Dataset below:

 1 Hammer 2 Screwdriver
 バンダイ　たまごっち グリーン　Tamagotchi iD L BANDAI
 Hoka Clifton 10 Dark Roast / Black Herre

End of Dataset.
Dataset below:

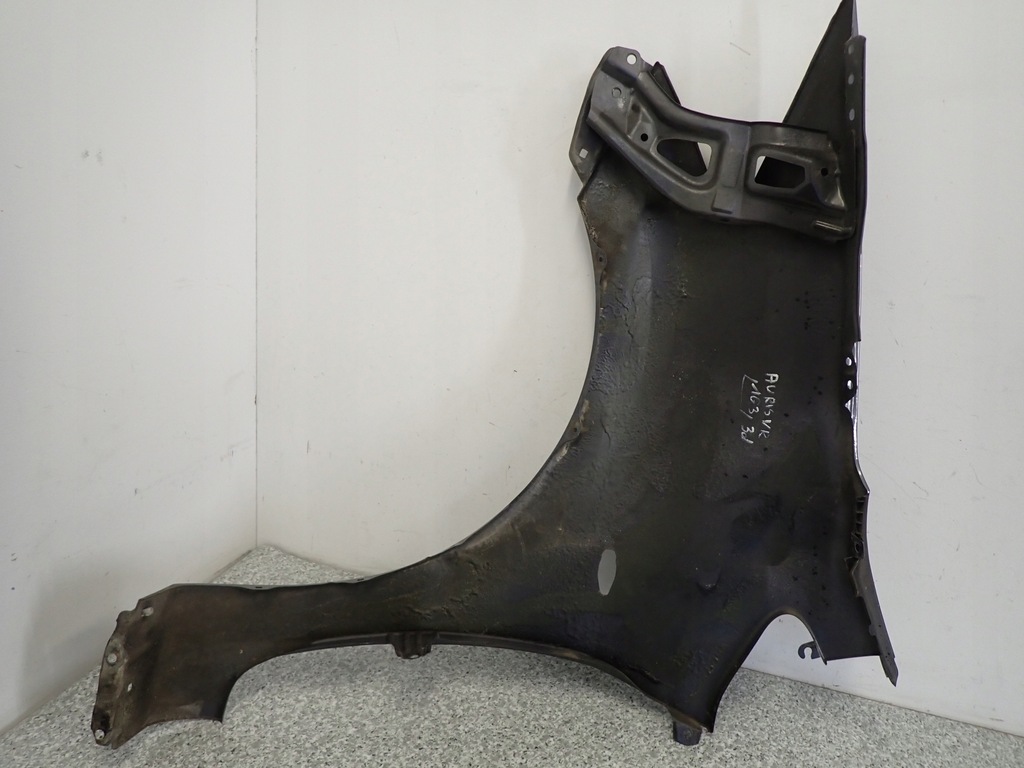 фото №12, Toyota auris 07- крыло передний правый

End of Dataset.
Dataset below:

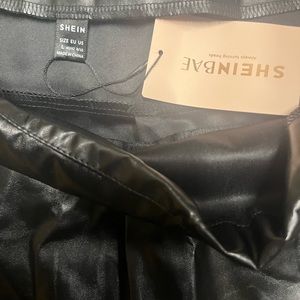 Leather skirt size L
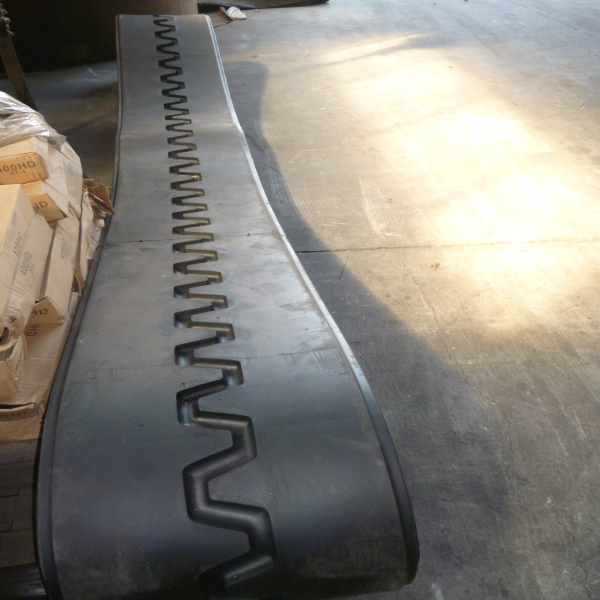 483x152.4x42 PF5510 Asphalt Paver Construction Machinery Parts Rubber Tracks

End of Dataset.

Exercise prompt: In the listing above, locate the line containing "1 Hammer 2 Screwdriver" and the line containing "Hoka Clifton 10 Dark Roast / Black Herre". Transcribe those two lines and everything between them, exactly as written.

Written solution:
 1 Hammer 2 Screwdriver
 バンダイ　たまごっち グリーン　Tamagotchi iD L BANDAI
 Hoka Clifton 10 Dark Roast / Black Herre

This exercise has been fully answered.